Set up MLOps with Azure DevOps
APPLIES TO: Azure CLI ml extension v2 (current) Python SDK azure-ai-ml v2 (current)
Azure Machine Learning allows you to integrate with Azure DevOps pipeline to automate the machine learning lifecycle. Some of the operations you can automate are:
- Deployment of Azure Machine Learning infrastructure
- Data preparation (extract, transform, load operations)
- Training machine learning models with on-demand scale-out and scale-up
- Deployment of machine learning models as public or private web services
- Monitoring deployed machine learning models (such as for performance analysis)

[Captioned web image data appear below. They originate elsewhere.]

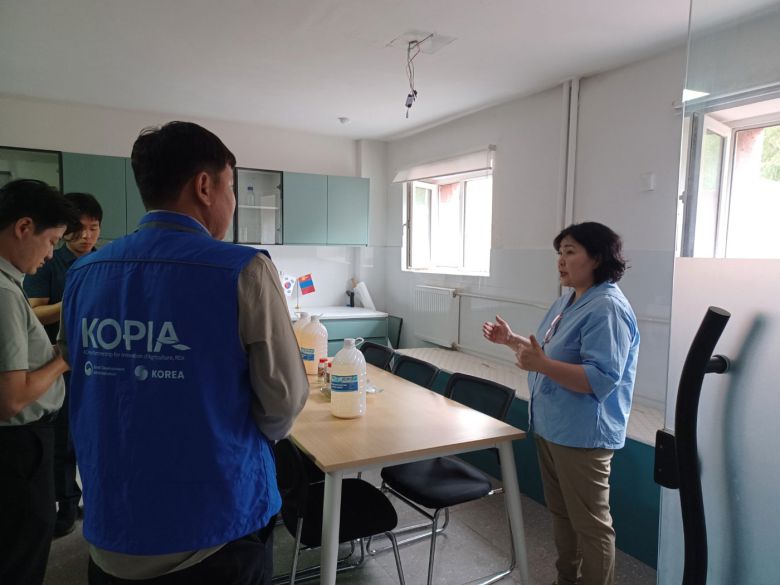 신후 쭉드르 몽골생명과학대 교수(오른쪽)가 지난달 30일 코피아 몽골센터 발효 사료 및 생산 연구센터를 방문한 한국 동물의약품 업계 관계자들에게 연구 결과 등에 대해 설명하고 있다.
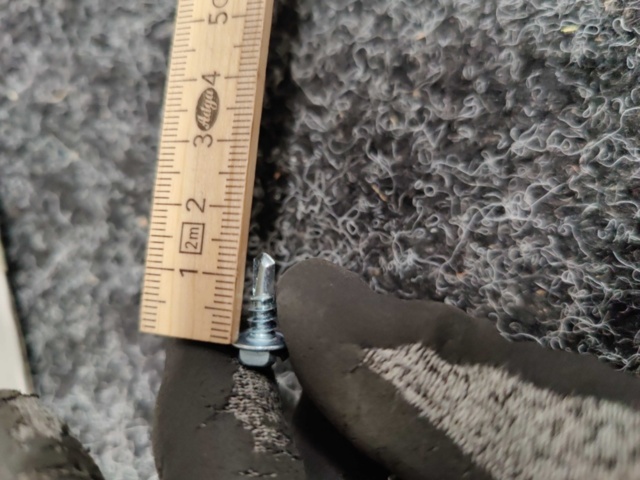 1552200-5 5000 st Självborrande sexkantsskruv 10x1/2"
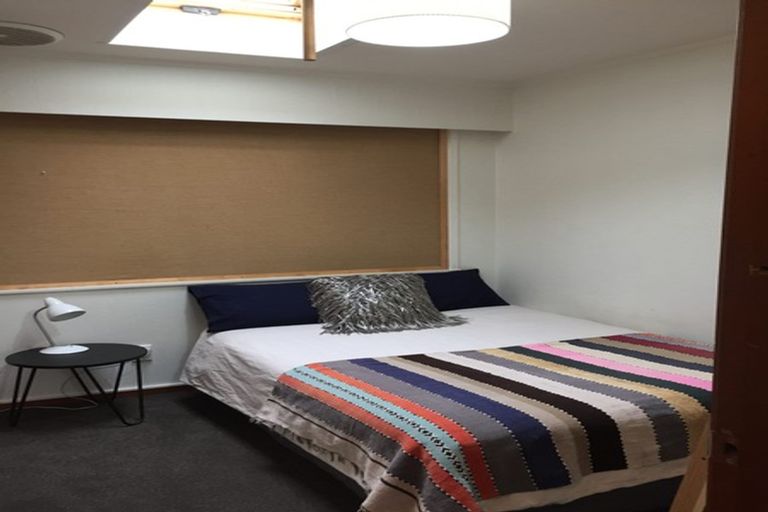Photo of property in 5 Don Croot Street, Morningside, Auckland, 1021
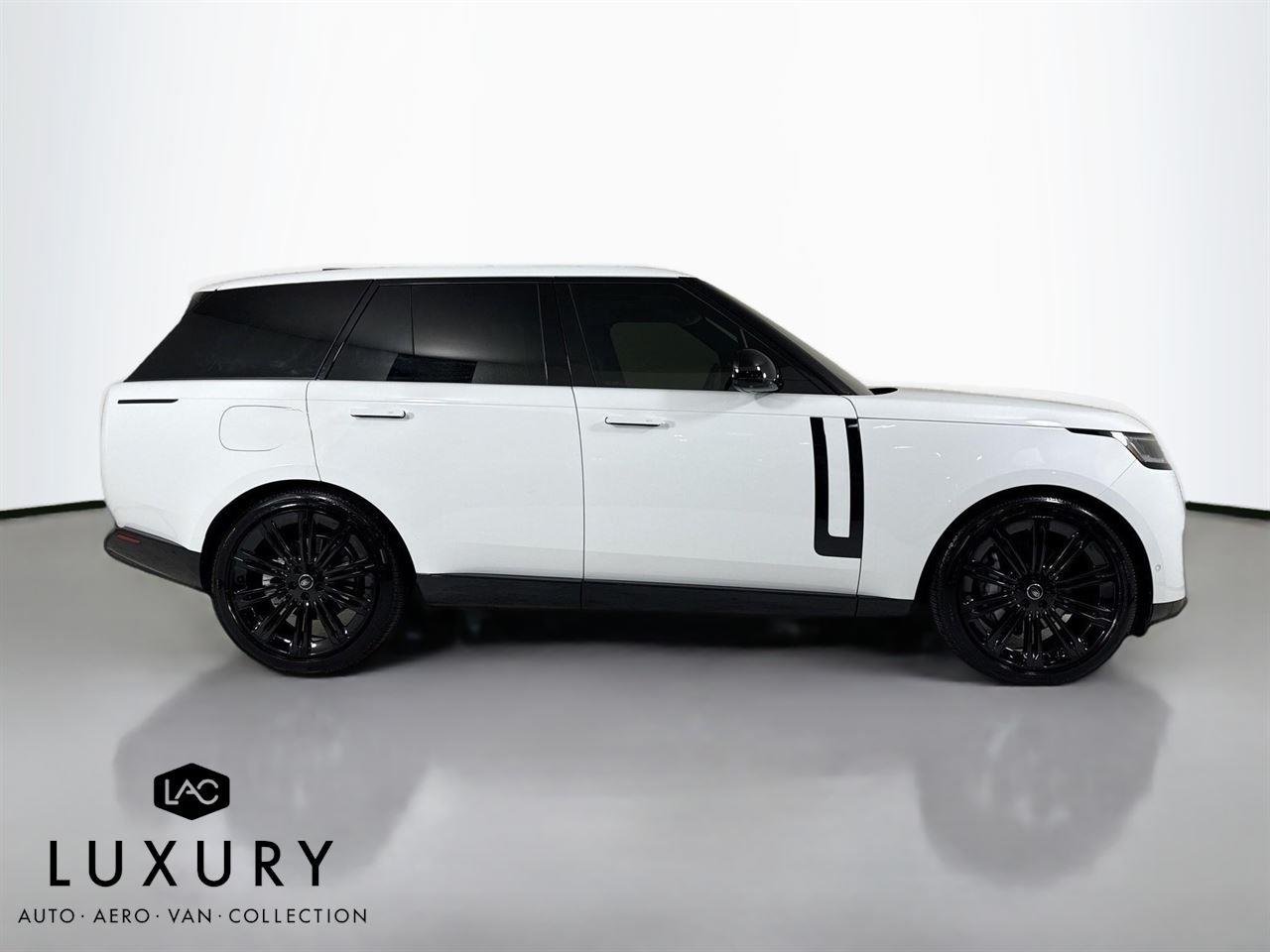 2024 Land Rover Range Rover SE SV photo 3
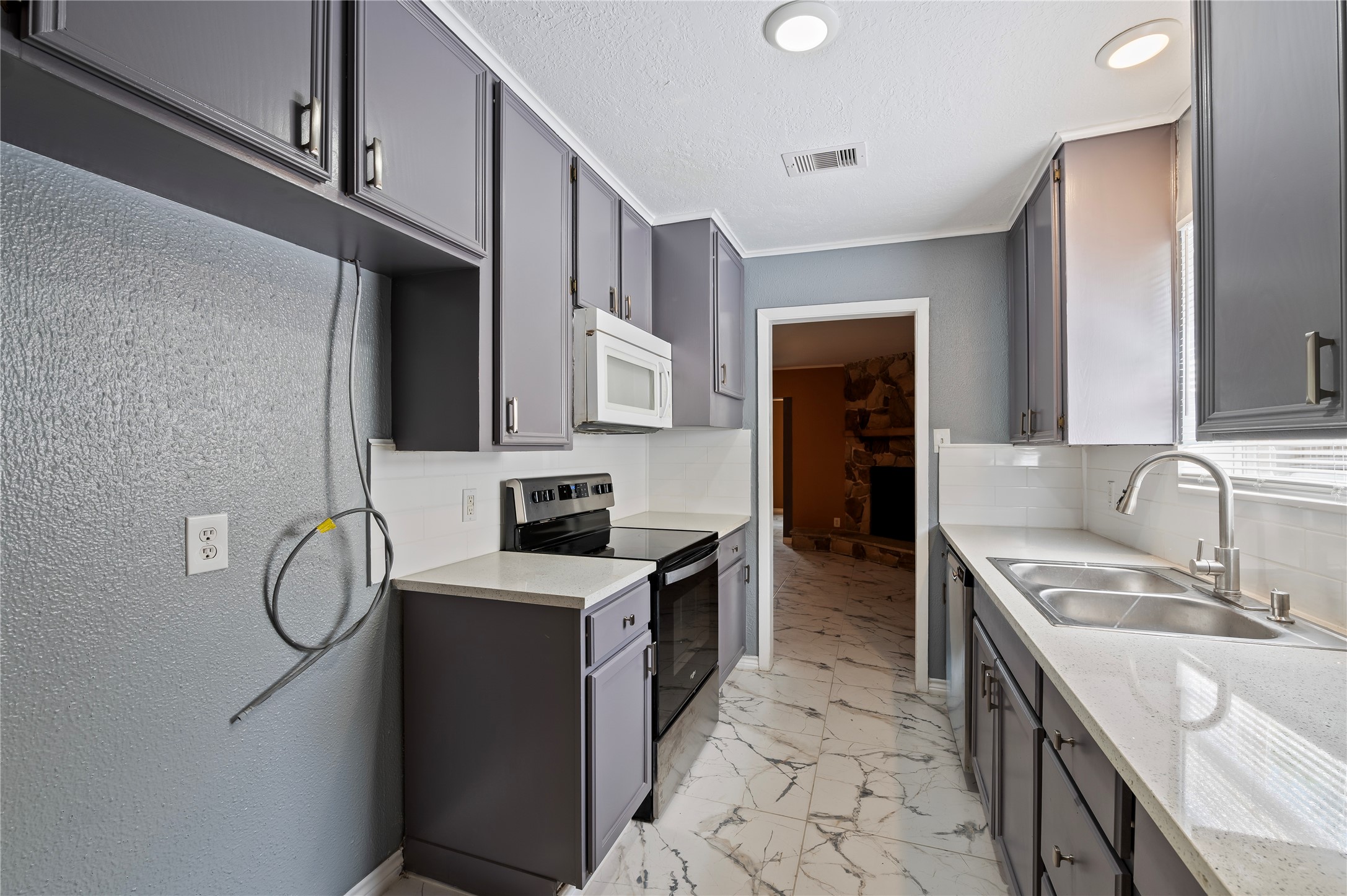 2402 21st Avenue N Property Photo 8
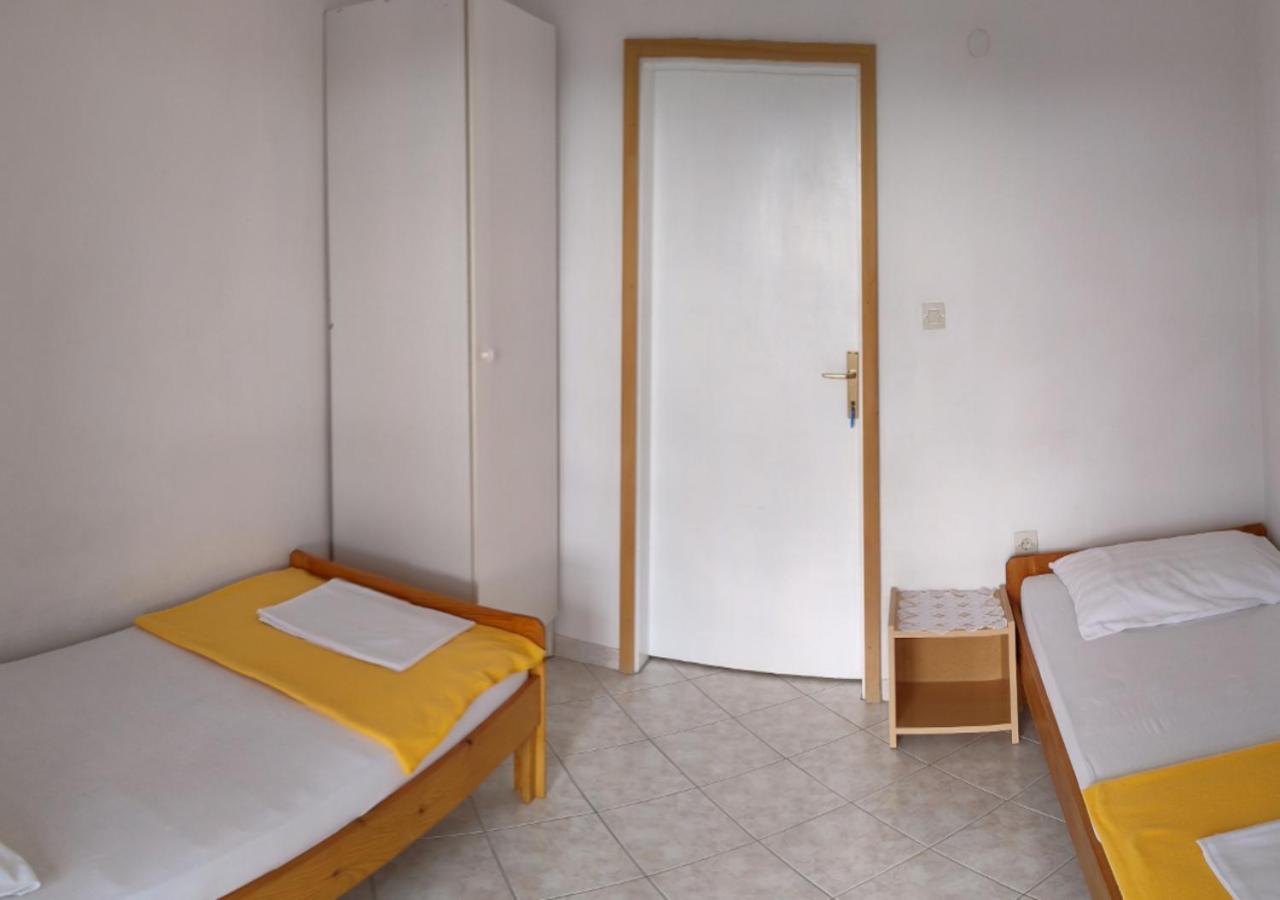 Ferienwohnung Gama Vir Exterior foto
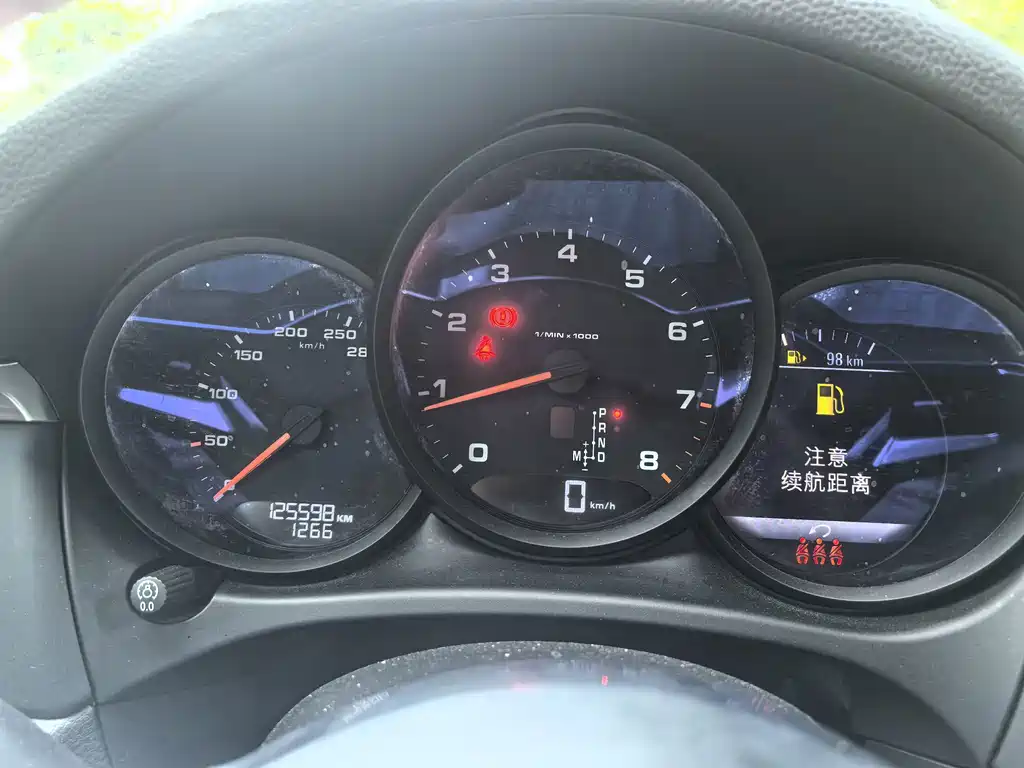 Porsche Macan — миниатюра 11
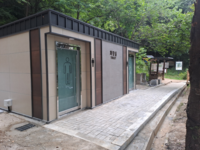 원주시의회 뒤편 봉화산 등산로 입구에 공중화장실 설치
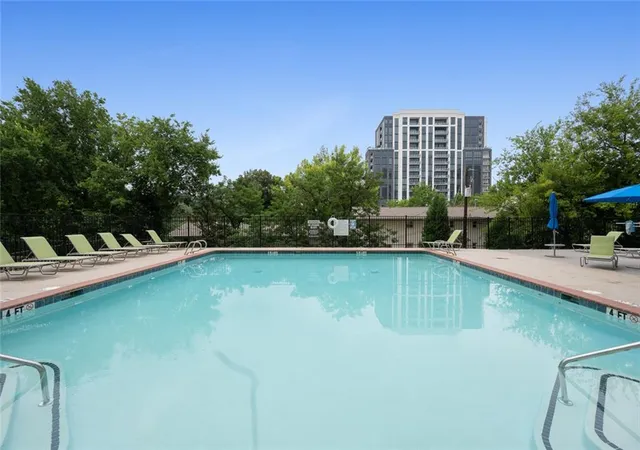 2nd image of 2479 Peachtree Rd Ne, Atlanta, GA 30305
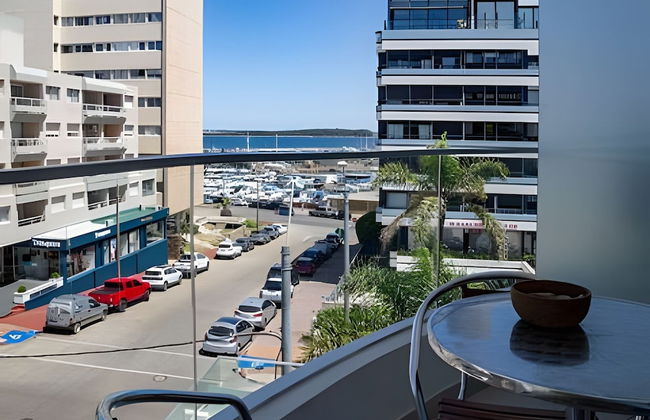 Oceana Suites SeaPort - Photo 37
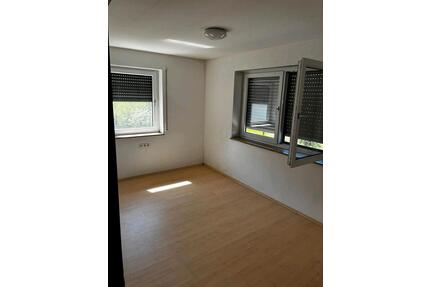 Wohnung zu vermieten - 1.250,00&nbsp;EUR Kaltmiete, ca.&nbsp; 118,00&nbsp;m&sup2; in Mönchsdeggingen (PLZ: 86751)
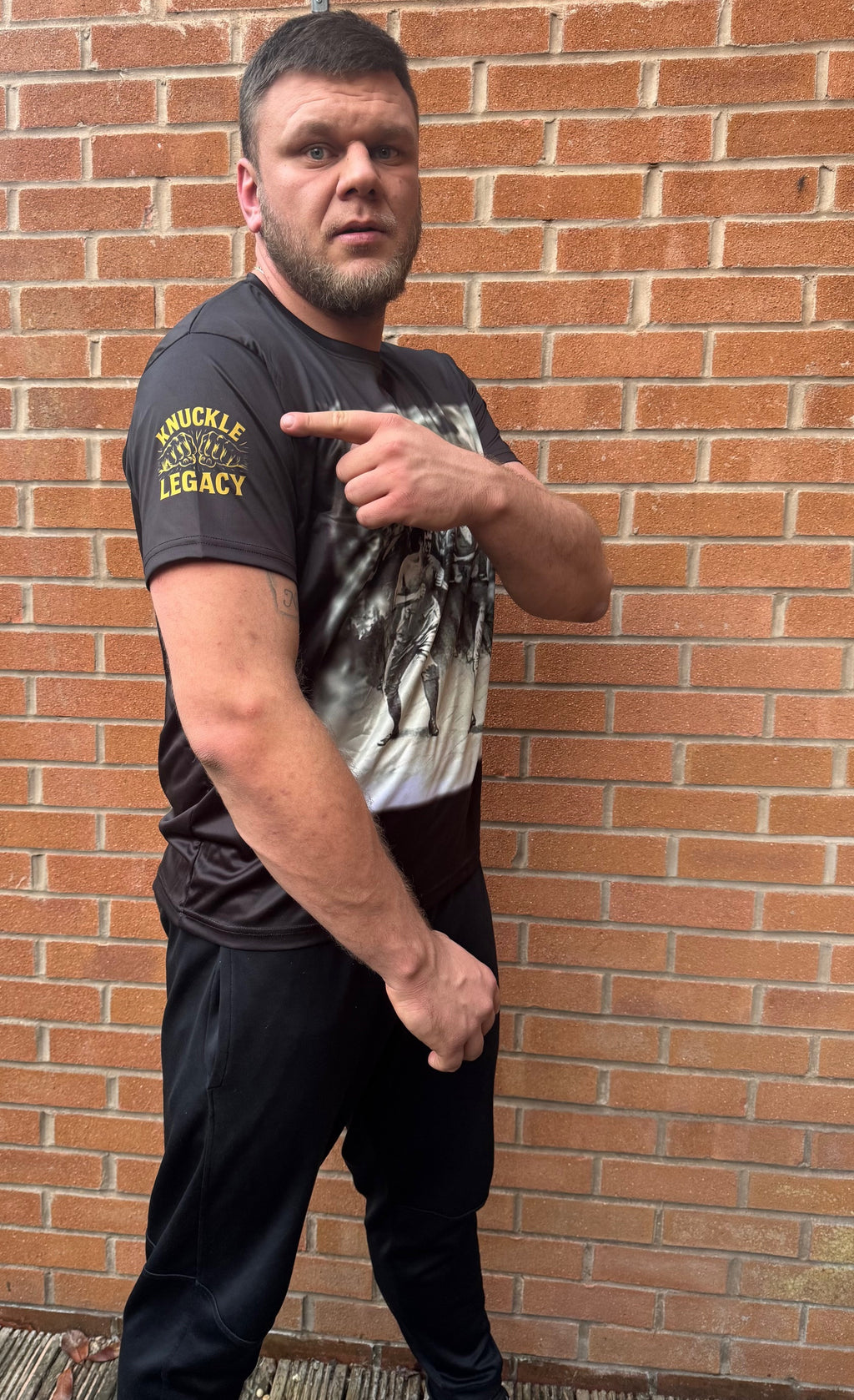 Knuckle Legacy black Old School T-shirt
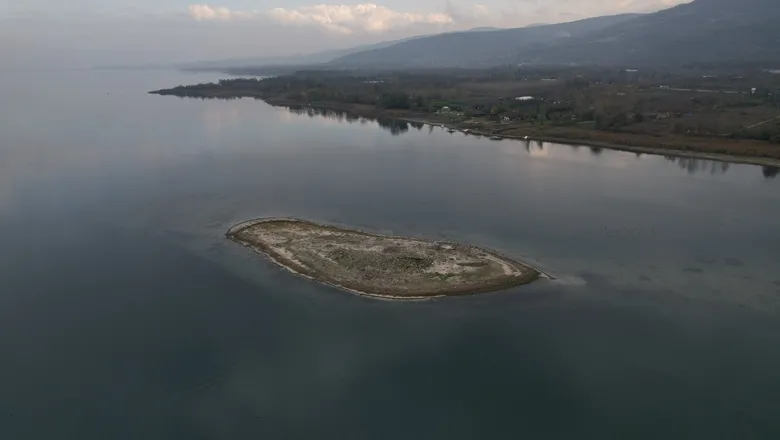Sapanca Gölü'nde gizemli yapılar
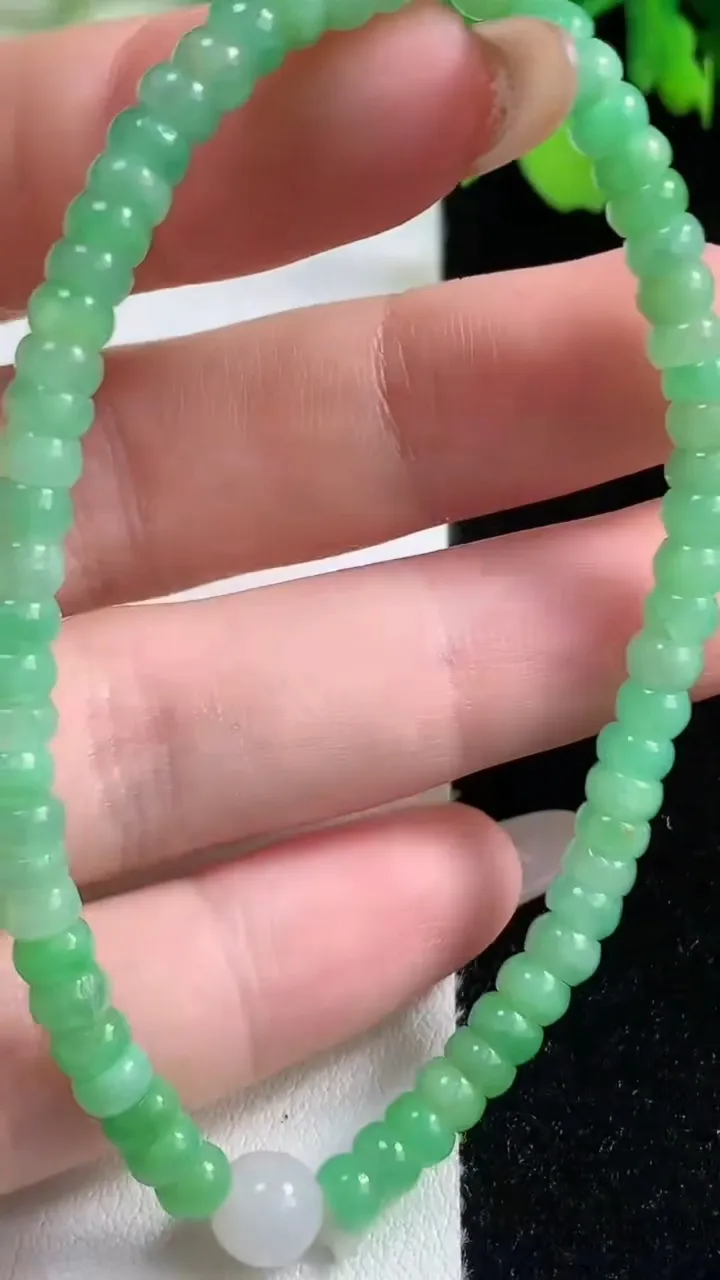 天然A货翡翠算盘珠手串，尺寸4.4-3.2-62颗，重量:7.92g11月2日
工厂直销收藏佳品,种好水足，色泽均匀，有种有色，上手高大气！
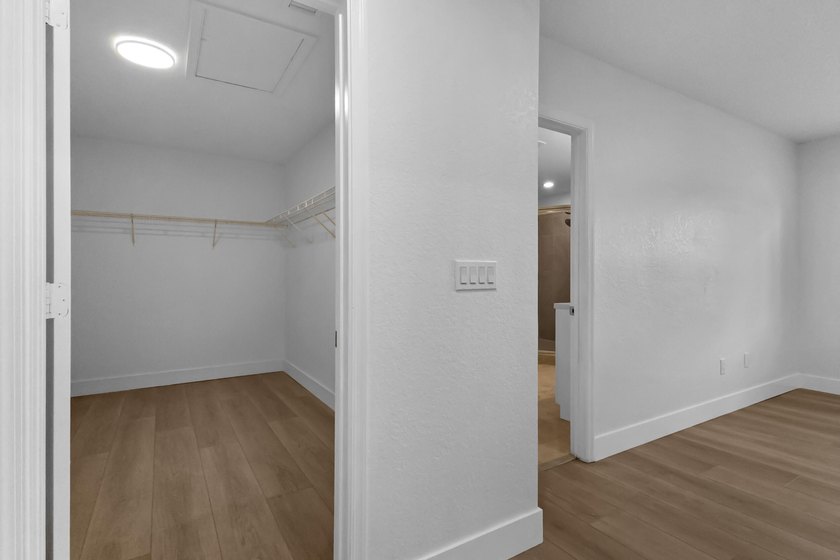 Fully renovated and move-in ready, this 5-bedroom, 3-bath home - photo 19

In this article, you learn about using Azure Machine Learning to set up an end-to-end MLOps pipeline that runs a linear regression to predict taxi fares in NYC. The pipeline is made up of components, each serving different functions, which can be registered with the workspace, versioned, and reused with various inputs and outputs. you're going to be using the recommended Azure architecture for MLOps and AzureMLOps (v2) solution accelerator to quickly setup an MLOps project in Azure Machine Learning.
Tip
We recommend you understand some of the recommended Azure architectures for MLOps before implementing any solution. You'll need to pick the best architecture for your given Machine learning project.
Prerequisites
- An Azure subscription. If you don't have an Azure subscription, create a trial subscription before you begin. Try the trial subscription.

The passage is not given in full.